Now, part of that could easily be because Skylight is some of Saramago's early work, and consequently his writing isn't fully polished and hasn't completely developed into what it would presumably become later. In the introduction, it's noted that many of the threads of story found in Skylight can be found in more fully-developed forms in works composed later in Saramago's career. Maybe I should have read some of those first, so that I could make an apt comparison. However, I didn't, and so here we are.
Skylight's main characters all inhabit the same apartment building in Lisbon, Portugal, in 1952. The building is divided into six different apartments, and each apartment contains its own inhabitants with their own problems, though they are all intricately woven through each other. Cobbler-philosopher Silvestre and his wife take in a boarder named Abel who is hoarding experience in life, but without a real purpose. Across the hallway live Emilio and Carmen, Emilio's Spanish wife who raises hell because she feels trapped in her marriage. On the second floor, a former prostitute named Lidia is now the mistress of a businessman, and across the way Justina deals with her womanizing husband. On the third floor, a young woman gets a new job for Lidia's paramour, but the position only causes tension in the building, and a pair of sisters keep secrets from their mother and their aunt.

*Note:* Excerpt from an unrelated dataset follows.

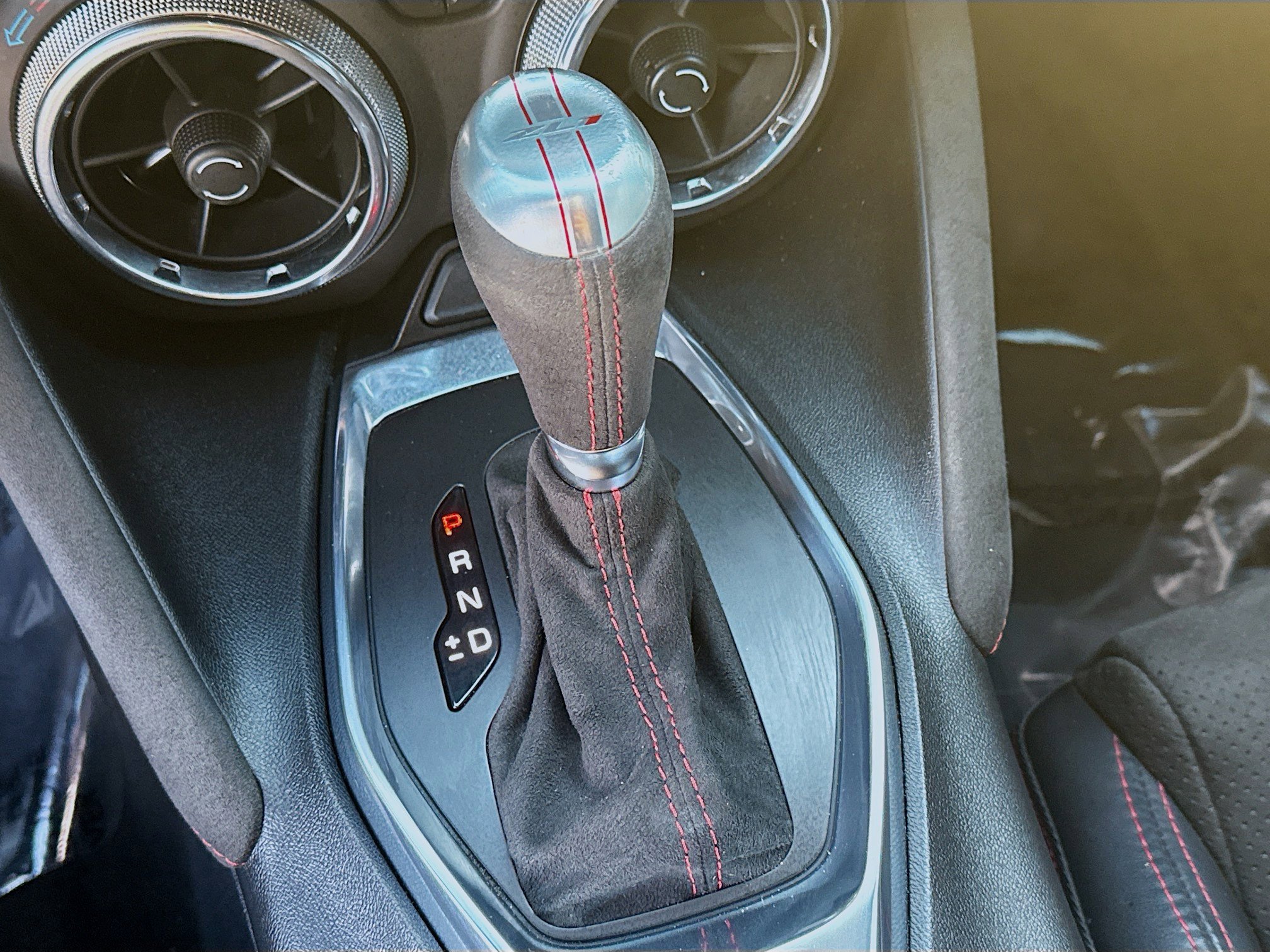 Used 2018 Chevrolet Camaro ZL1 image 15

The book flap calls Saramago "the master of the quotidian," and indeed he does seem to have a wonderful way of capturing the everyday lives of his characters. Without having a strong central plot, Saramago still manages to have a steady building of tension that leads up to a climax. However, the novel seems to end abruptly, without several of the plot lines fully resolved. While some of them are left open-ended but with a satisfying drop-off point, others are just...left. Justina and Claudhina's plots are the most obvious examples of this. I didn't feel like there was any indication of how those plots were supposed to go beyond the pages of the book. I also didn't really feel drawn to Silvestre; his plots and character started off well, but as soon as he became a philosopher in addition to a cobbler, he lost a lot of my interest. His ramblings to and with Abel about purpose and love and blah blah blah bored me, and it felt very much like Saramago was just preaching his own philosophy. I don't mind when books have a message woven in, but I prefer it when it's done subtly, rather than it being repeatedly shoved in my face.
Still, overall, this was a lovely work of character and I enjoyed it.
3.5 stars out of 5. (I feel terrible saying that. This guy won a Nobel Prize and here I am giving it 3.5 stars. Oh dear god, what have I done...not that it really does anything, but still.)